[Extracted data entries]
* * * * * * * * *

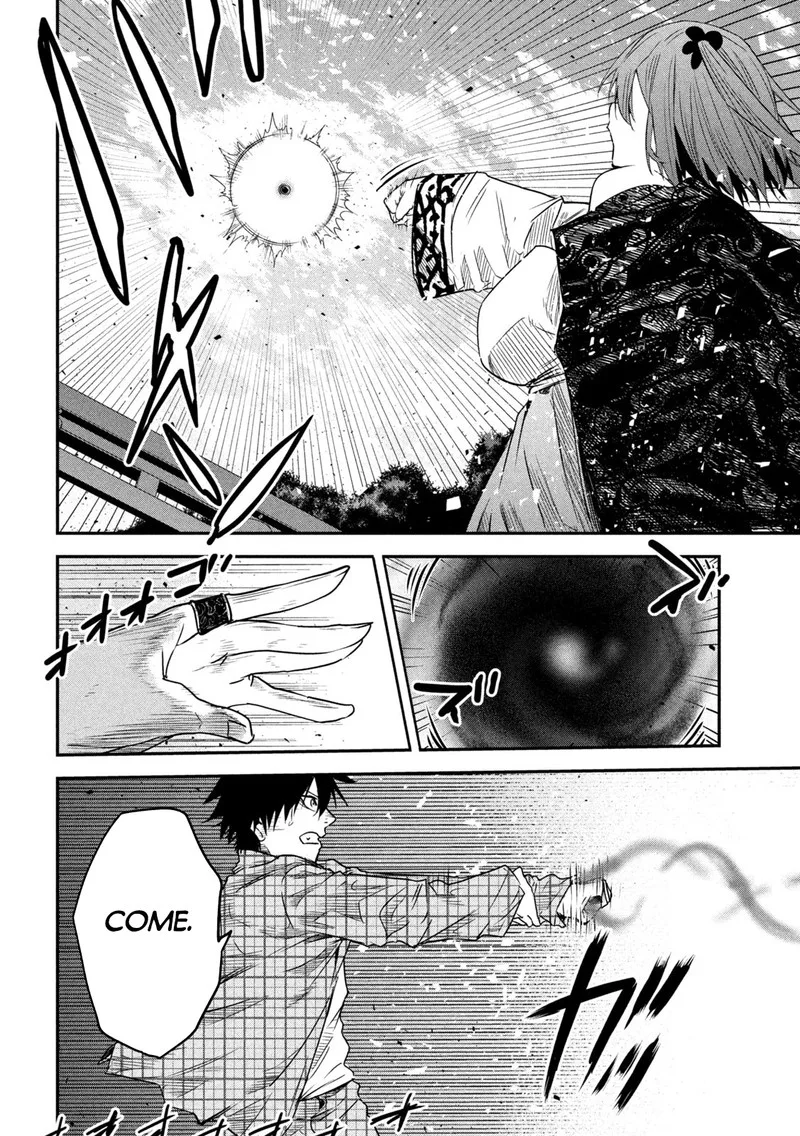 Isekai Kaeri no Daikenja-sama wa Sore Demo Kossori Kurashite Iru Tsumori desu Chapter 24 page 26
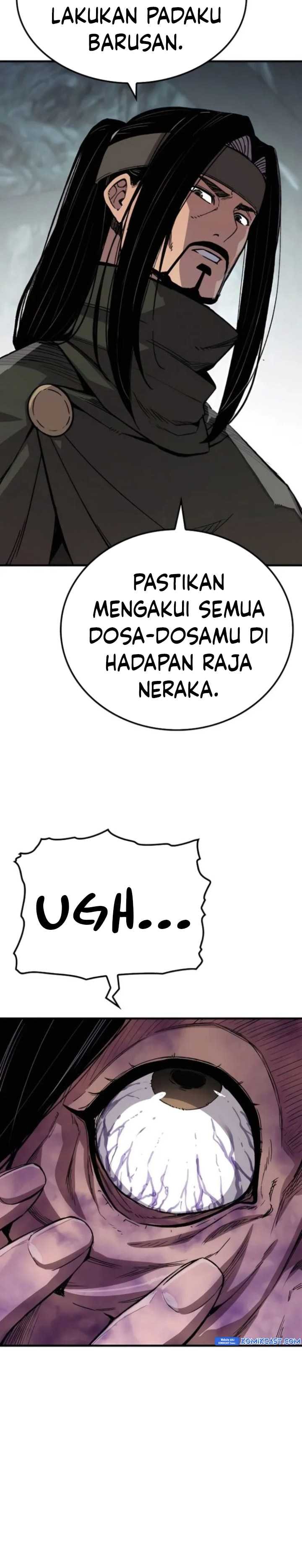 Reborn as The Heavenly Demon - Chapter 61 - Page 12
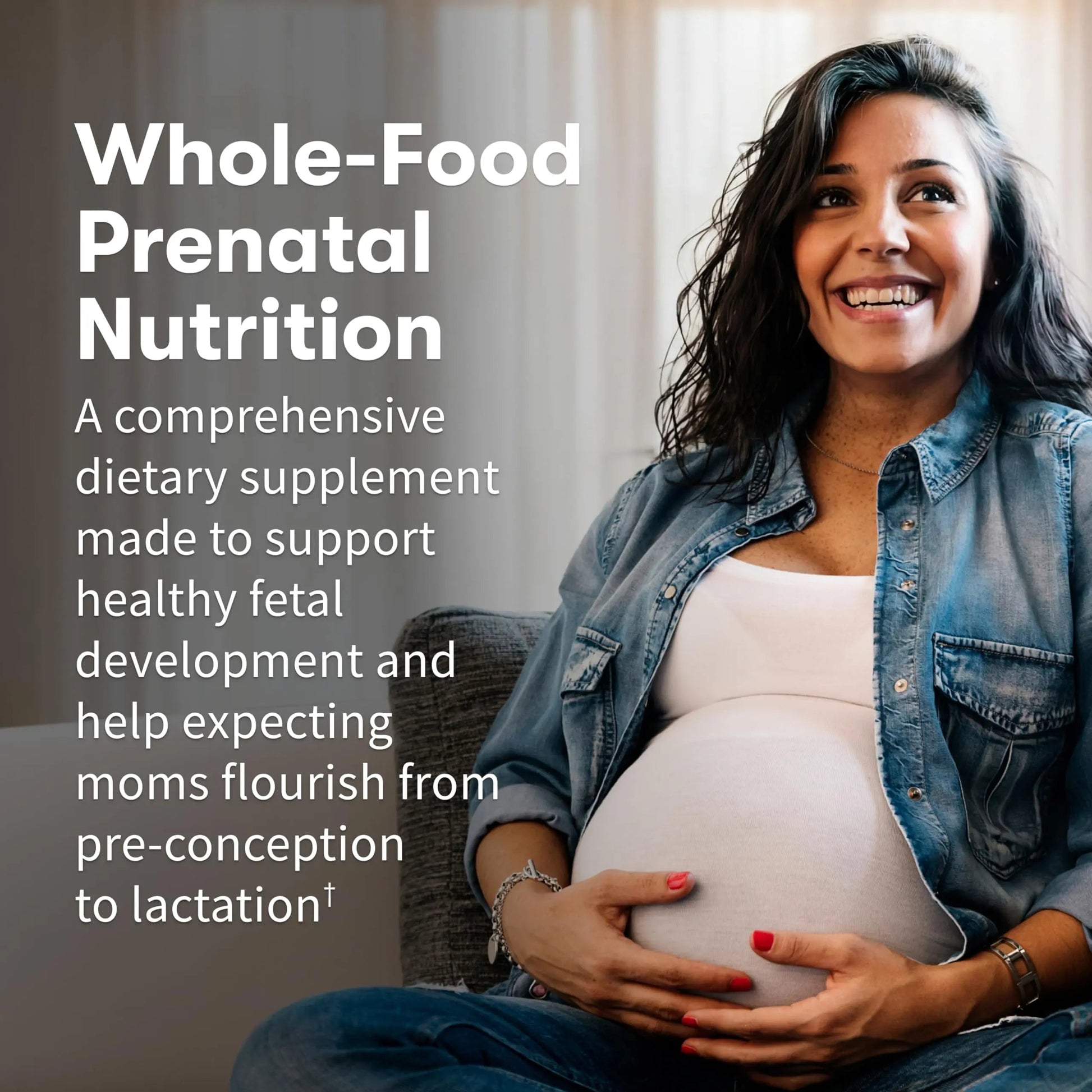 Garden of Life Organics, Prenatal Multi, 90 Vegan Tablets Garden of LifeBuy Supplements Australia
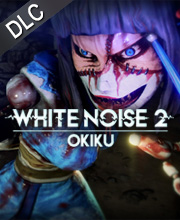 White Noise 2 Okiku Pc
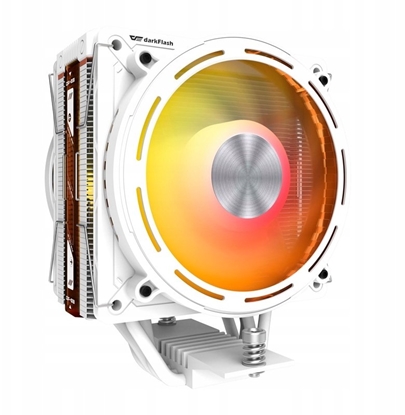 Picture of Chodzenie aktywne do procesora Darkflash E400 PLUS (biae)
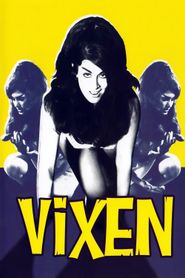 Vixen 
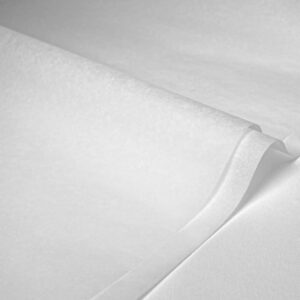 TG361001 Baking paper 1/1GN 325x530 mm,  500 pcs/cs (361001)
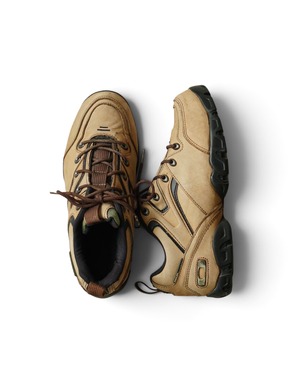 Oakely trekking shoes 90s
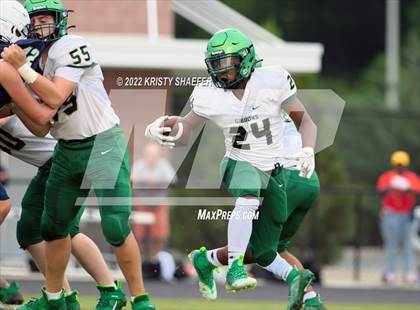 Thumbnail 3 in Cardinal Gibbons @ Green Level photogallery.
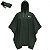 Capa de Chuva Poncho Compacto Ntk Resistente Impermeável com Capuz - Imagem 9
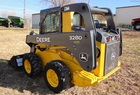 2011 John Deere 328D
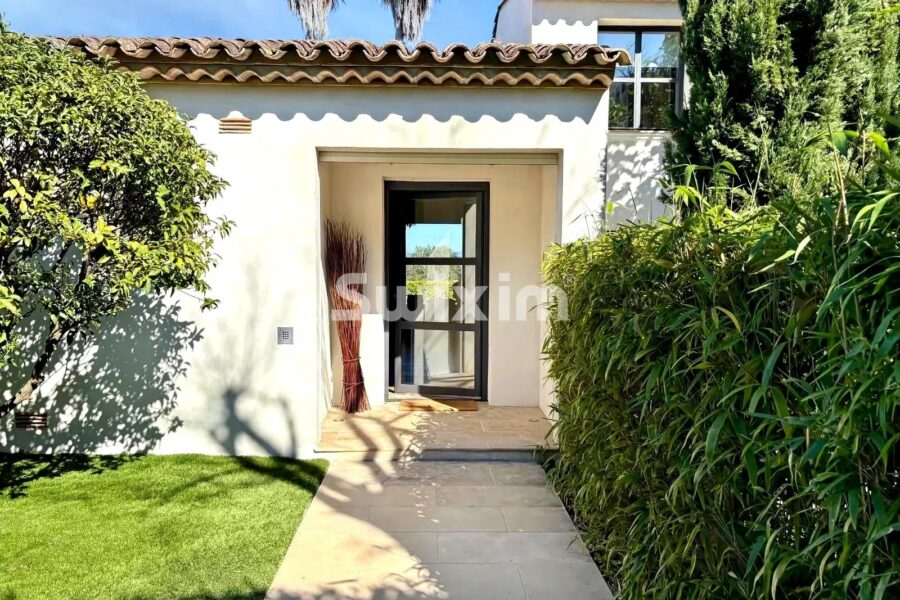 Maison à vendre à Saint-Tropez — Vue mer — photo 4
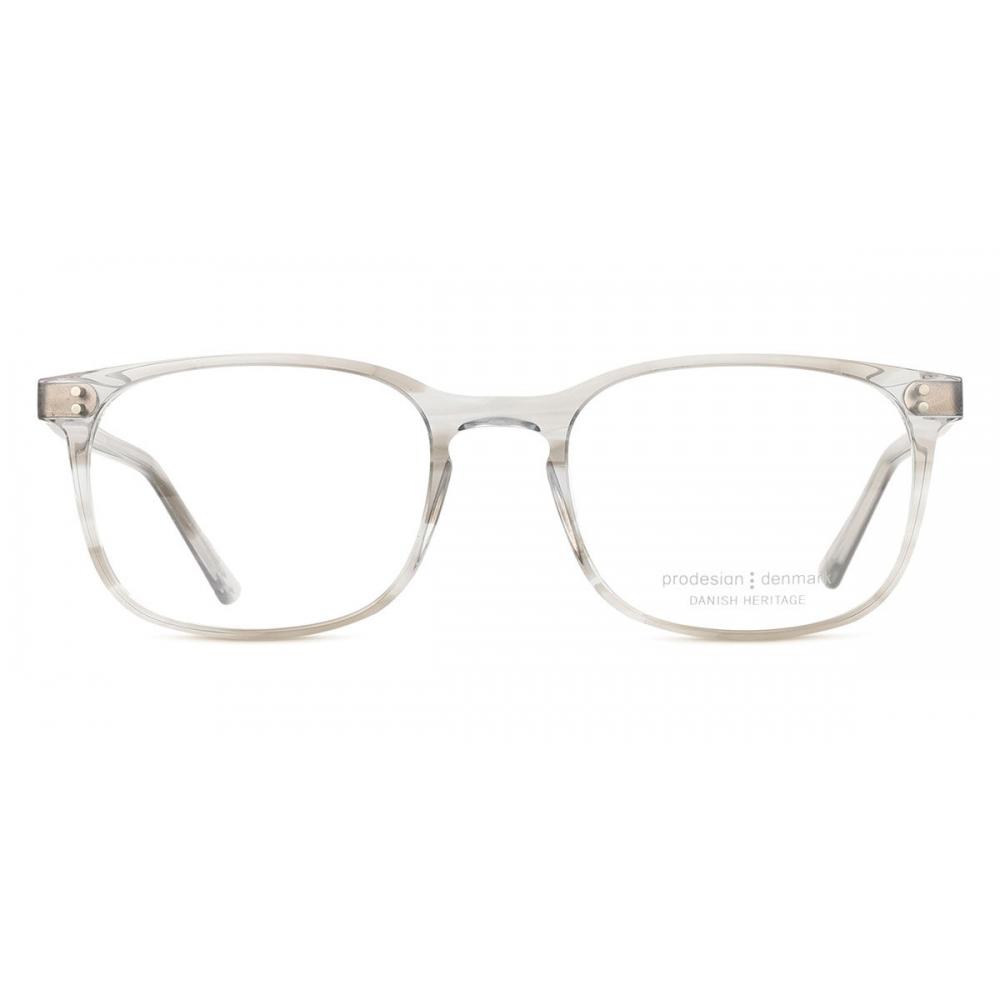 Prodesign Unisex Eyeglasses 4789 6515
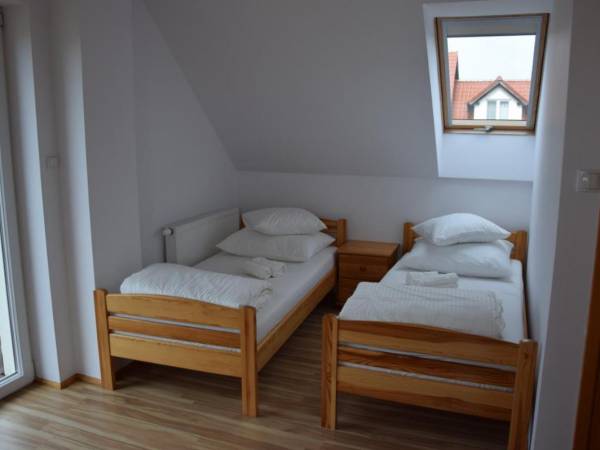 Domki Rybical Resort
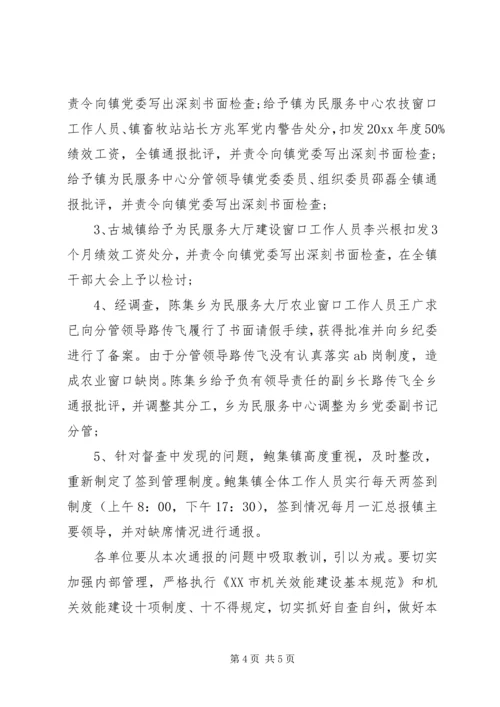公务员处分决定.docx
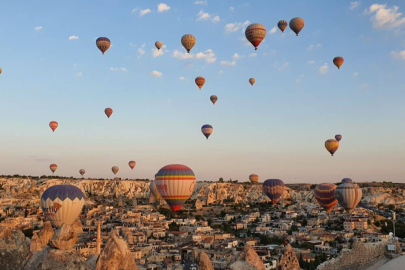 Tur şirketleri, 9 günlük Ramazan Bayramı tatili rezervasyonlarından umutlu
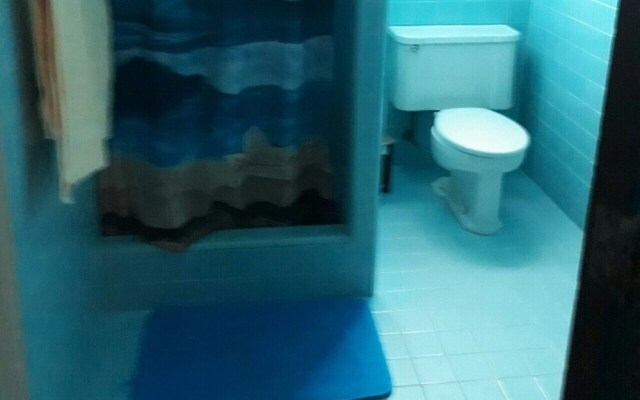 Hostal Sra. Minina CAMAGUEY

* * * * * * * * *

What to produce: The records above are to be duplicated exactly, pictures left out.

Exercise result:
 Isekai Kaeri no Daikenja-sama wa Sore Demo Kossori Kurashite Iru Tsumori desu Chapter 24 page 26
 Reborn as The Heavenly Demon - Chapter 61 - Page 12
 Garden of Life Organics, Prenatal Multi, 90 Vegan Tablets Garden of LifeBuy Supplements Australia
 White Noise 2 Okiku Pc
 Picture of Chodzenie aktywne do procesora Darkflash E400 PLUS (biae)
 Vixen 
 TG361001 Baking paper 1/1GN 325x530 mm,  500 pcs/cs (361001)
 Oakely trekking shoes 90s
 Thumbnail 3 in Cardinal Gibbons @ Green Level photogallery.
 Capa de Chuva Poncho Compacto Ntk Resistente Impermeável com Capuz - Imagem 9
 2011 John Deere 328D
 Maison à vendre à Saint-Tropez — Vue mer — photo 4
 Prodesign Unisex Eyeglasses 4789 6515
 Domki Rybical Resort
公务员处分决定.docx
 Tur şirketleri, 9 günlük Ramazan Bayramı tatili rezervasyonlarından umutlu
 Hostal Sra. Minina CAMAGUEY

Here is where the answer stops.